The Data Model acts as the semantic layer foundation for PQL. While standard SQL requires manual JOIN statements to link datasets, PQL utilizes the Foreign Key relationships defined in your model to perform Implicit Joins. This allows users to query attributes across multiple tables without having to specify join logic in every statement.

Furthermore, the model defines the cardinality (1:N relationships) between tables. This is foundational for Pull-Up (PU) Aggregations, which allow for seamless data aggregation from "N-side" tables (e.g., individual Activities) to "1-side" tables (e.g., the Process Case), maintaining data integrity and performance at scale.

Background and Core Components

Process mining is based on event logs. To enable PQL to reconstruct a process flow, three event attributes are always required:

  • Case: An instance of a process (often a non-negative number). This attribute indicates which process instance the event belongs to.

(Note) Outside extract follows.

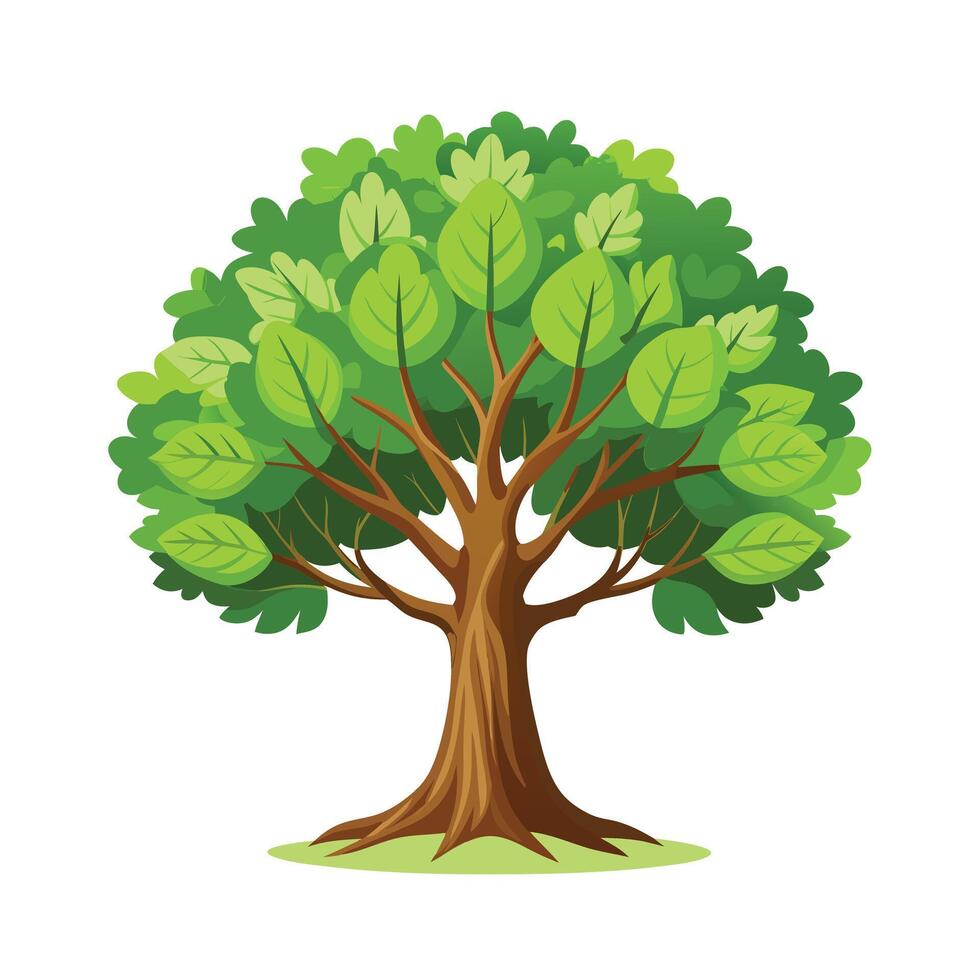 Beautiful Single Big Tree Illustration vector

  • Activity: The action captured by the event in text (e.g., "Sales order created").

  • Timestamp: The precise time when the event took place.

There is also an optional attribute, Sorting, which identifies the order of events if their timestamp within one case is not unique. See Activity table sorting for more information.

A sequence of events, ordered by their timestamps, that belong to the same case is called a trace. The traces of all cases with the same activity sequence represent a variant. See VARIANT for more information. The throughput time of a case is the time difference between the first and the last event of the corresponding trace. See CALC_THROUGHPUT for more information.

Activity Tables

The activity table contains the required event log attributes. Within one case, rows are always sorted based on the timestamp and the optional sorting column. Usually, this table is generated via SQL in a transformation (ETL) step.

Data models can also contain multiple activity tables (Multi-Event Log setup) to connect multiple processes within a single model. Utilizing a Multi-Event Log is particularly useful for end-to-end process visibility. Multi-Event Logs are handled differently depending on if the data model is OCPM or case-centric.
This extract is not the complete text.